= To do =
Could you retype the lines below, starting at the line holding "Πήγαν εκδρομή στη" and stopping at the line holding "Administre todo o site", inclusive? Copy them exactly and drop the images.

= Data for review =
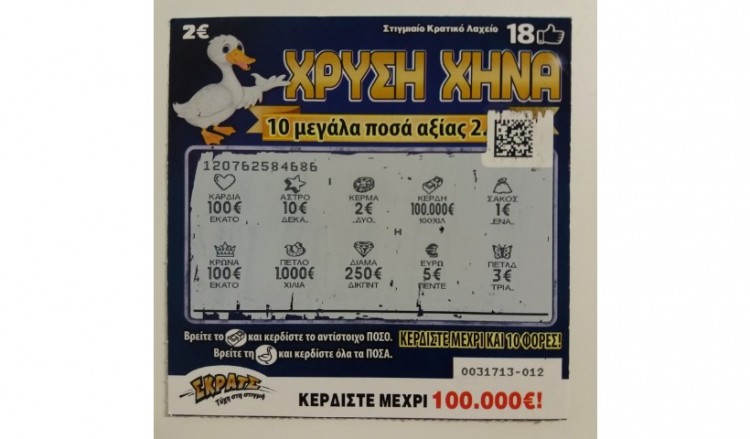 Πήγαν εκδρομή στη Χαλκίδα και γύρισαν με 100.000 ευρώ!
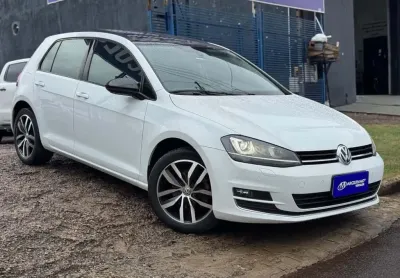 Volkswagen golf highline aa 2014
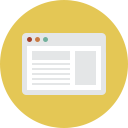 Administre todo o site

...

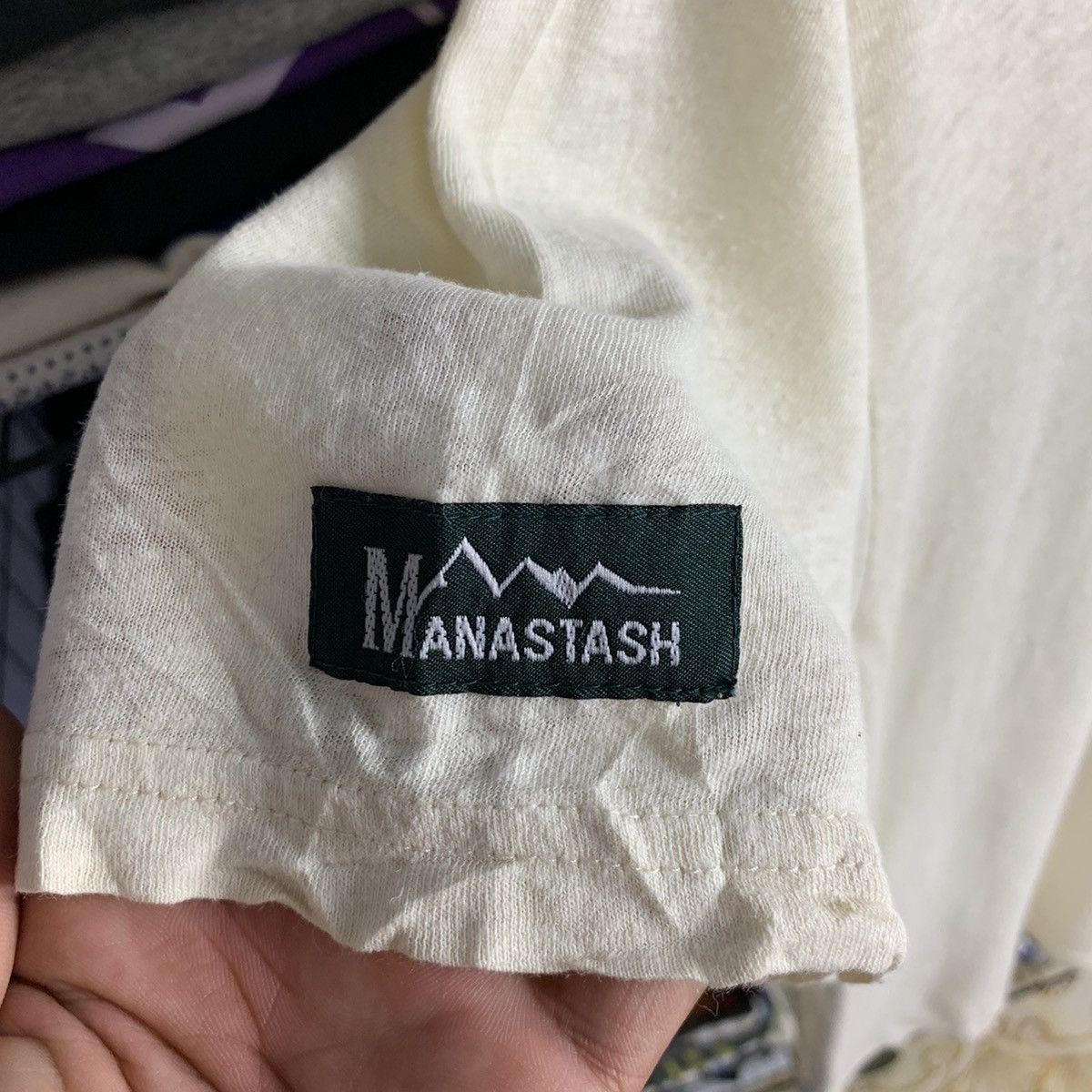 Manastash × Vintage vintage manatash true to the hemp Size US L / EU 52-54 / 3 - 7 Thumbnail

= Reply to the exercise =
 Πήγαν εκδρομή στη Χαλκίδα και γύρισαν με 100.000 ευρώ!
 Volkswagen golf highline aa 2014
 Administre todo o site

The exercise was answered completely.